You are totally unaware of wire thickness vs current it carries. Have a look at American Wire table and see what thickness is to apply for 3A peak if it is not near chassis , you will understand why the leads should be magnetic .

Pretty presumptuous of you...

The only resistor components that I have with magnetic leads are the no name cheap ones from AliExpress and eBay. All of the reputable high quality (RF capable) resistors from Dale, Panasonic, Vishay, Yageo, etc have copper leads. I see plenty of people using them in projects with RF and high frequencies.

The layout is designed by JPS64 (a professional with 30 years of experience making mission critical aerospace circuits and audio circuit layouts - more than anyone else I know - so he does indeed understand wire or trace thickness vs current requirements and low frequency vs high freq layout practices).
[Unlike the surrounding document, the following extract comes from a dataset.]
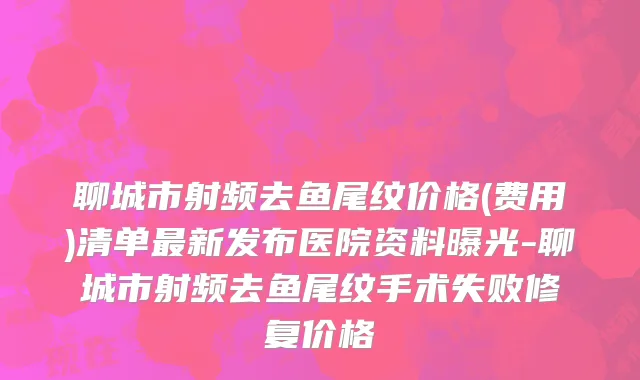 聊城市射频去鱼尾纹价格(费用)清单最新发布医院资料曝光-聊城市射频去鱼尾纹手术失败修复价格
JPS64’s signature designs use double conducting traces stitched with numerous vias - the approach has seemed to work pretty successfully to provide a low inductance, low impedance path for audio signals in numerous amp projects that have been presented here on DIYA.

We hear your concerns for oscillations - Hugh and I get that - and the CCS is bloody fast, actually picking the KSA992 slowed it down a bit vs the 2N5401. But we are familiar with oscillations, how to check for them, and how to deal with them. There are many many fine points on the design by Hugh that are there for an audio-based reason which may not be obvious.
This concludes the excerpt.